-- THE INPUT --

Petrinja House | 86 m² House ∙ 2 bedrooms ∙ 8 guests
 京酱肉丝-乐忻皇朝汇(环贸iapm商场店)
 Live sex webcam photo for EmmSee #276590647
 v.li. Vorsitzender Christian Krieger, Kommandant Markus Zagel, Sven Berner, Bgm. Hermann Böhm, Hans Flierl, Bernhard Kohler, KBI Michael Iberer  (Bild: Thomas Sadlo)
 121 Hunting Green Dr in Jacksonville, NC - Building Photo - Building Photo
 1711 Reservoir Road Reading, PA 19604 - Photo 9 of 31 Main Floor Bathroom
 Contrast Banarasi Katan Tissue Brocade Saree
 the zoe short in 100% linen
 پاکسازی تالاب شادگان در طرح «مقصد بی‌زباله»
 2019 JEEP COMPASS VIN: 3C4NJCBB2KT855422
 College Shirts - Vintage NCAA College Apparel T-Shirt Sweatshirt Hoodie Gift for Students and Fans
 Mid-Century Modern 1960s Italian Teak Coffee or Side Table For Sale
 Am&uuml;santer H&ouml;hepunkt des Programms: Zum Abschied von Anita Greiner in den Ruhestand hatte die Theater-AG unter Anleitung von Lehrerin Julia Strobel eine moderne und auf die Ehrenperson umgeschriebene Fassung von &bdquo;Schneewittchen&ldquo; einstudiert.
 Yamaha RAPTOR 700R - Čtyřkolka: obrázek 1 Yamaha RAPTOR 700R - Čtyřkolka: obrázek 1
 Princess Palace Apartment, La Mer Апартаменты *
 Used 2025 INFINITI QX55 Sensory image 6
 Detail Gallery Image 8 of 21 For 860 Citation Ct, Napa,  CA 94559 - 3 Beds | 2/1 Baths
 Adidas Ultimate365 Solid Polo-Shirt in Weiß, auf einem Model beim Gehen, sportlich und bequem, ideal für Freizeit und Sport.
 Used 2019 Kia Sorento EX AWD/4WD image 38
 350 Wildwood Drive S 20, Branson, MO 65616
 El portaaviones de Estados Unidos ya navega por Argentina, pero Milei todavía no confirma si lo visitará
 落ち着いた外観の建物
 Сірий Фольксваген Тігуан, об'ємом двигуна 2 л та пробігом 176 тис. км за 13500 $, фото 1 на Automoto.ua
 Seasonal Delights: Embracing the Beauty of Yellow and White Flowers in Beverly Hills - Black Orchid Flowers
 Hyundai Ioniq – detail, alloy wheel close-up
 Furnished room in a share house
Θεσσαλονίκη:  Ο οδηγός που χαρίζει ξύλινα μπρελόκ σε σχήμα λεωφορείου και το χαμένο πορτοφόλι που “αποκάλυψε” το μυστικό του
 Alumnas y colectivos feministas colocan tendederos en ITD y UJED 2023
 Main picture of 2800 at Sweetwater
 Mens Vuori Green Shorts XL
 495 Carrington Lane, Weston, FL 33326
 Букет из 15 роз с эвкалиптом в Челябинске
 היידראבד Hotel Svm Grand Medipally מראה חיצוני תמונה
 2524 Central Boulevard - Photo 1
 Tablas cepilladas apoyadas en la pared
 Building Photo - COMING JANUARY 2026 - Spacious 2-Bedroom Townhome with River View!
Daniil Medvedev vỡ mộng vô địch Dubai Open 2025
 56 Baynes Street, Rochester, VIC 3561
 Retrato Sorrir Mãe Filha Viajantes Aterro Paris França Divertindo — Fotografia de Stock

-- PROMPT --
Show, from the entries above, every line that includes the string "Building".

-- YOUR RESPONSE --
 121 Hunting Green Dr in Jacksonville, NC - Building Photo - Building Photo
 Building Photo - COMING JANUARY 2026 - Spacious 2-Bedroom Townhome with River View!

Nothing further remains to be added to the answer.